• _Listed entries_
=== Section Start ===

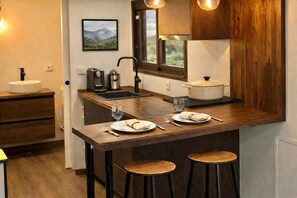 Habitación doble Premier, vista a la montaña | Cocina privada | Frigobar, microondas, parrilla de estufa y cafetera de espresso 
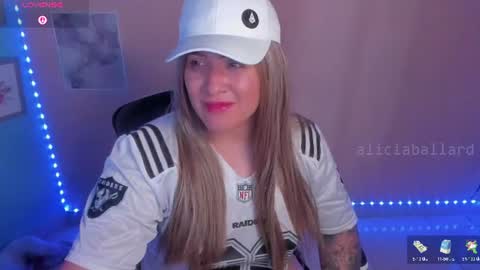 Jennyfer online show from August 2, 2026, 8:51 pm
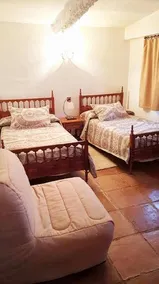 CASA TURÍSTICA Villa Carmen, CON AMPLIO JARDIN QUE INCLUYE BARBACOA, 2 PORCHES, PARKING PRIVADO Y PISCINA - Image 5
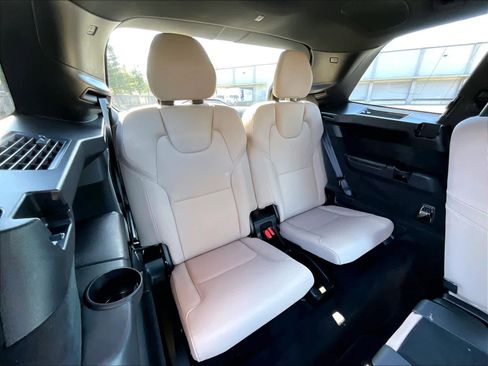Used 2026 Volvo XC90 B6 Plus w/ Protection Package Premier AWD/4WD image 30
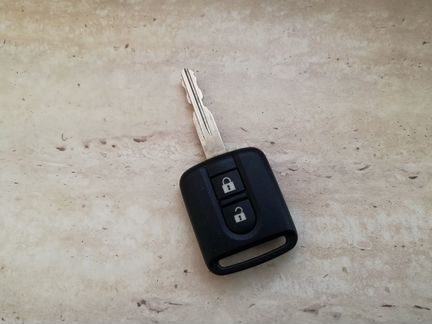 Чип ключ Nissan 2 кнопки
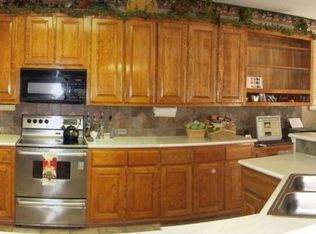 4717 Parkhaven Dr, Garland, TX 75043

=== Section End ===

• _Problem description_
Repeat each entry above word for word, leaving every picture out.

• _Result of this exercise_
 Habitación doble Premier, vista a la montaña | Cocina privada | Frigobar, microondas, parrilla de estufa y cafetera de espresso 
 Jennyfer online show from August 2, 2026, 8:51 pm
 CASA TURÍSTICA Villa Carmen, CON AMPLIO JARDIN QUE INCLUYE BARBACOA, 2 PORCHES, PARKING PRIVADO Y PISCINA - Image 5
Used 2026 Volvo XC90 B6 Plus w/ Protection Package Premier AWD/4WD image 30
 Чип ключ Nissan 2 кнопки
 4717 Parkhaven Dr, Garland, TX 75043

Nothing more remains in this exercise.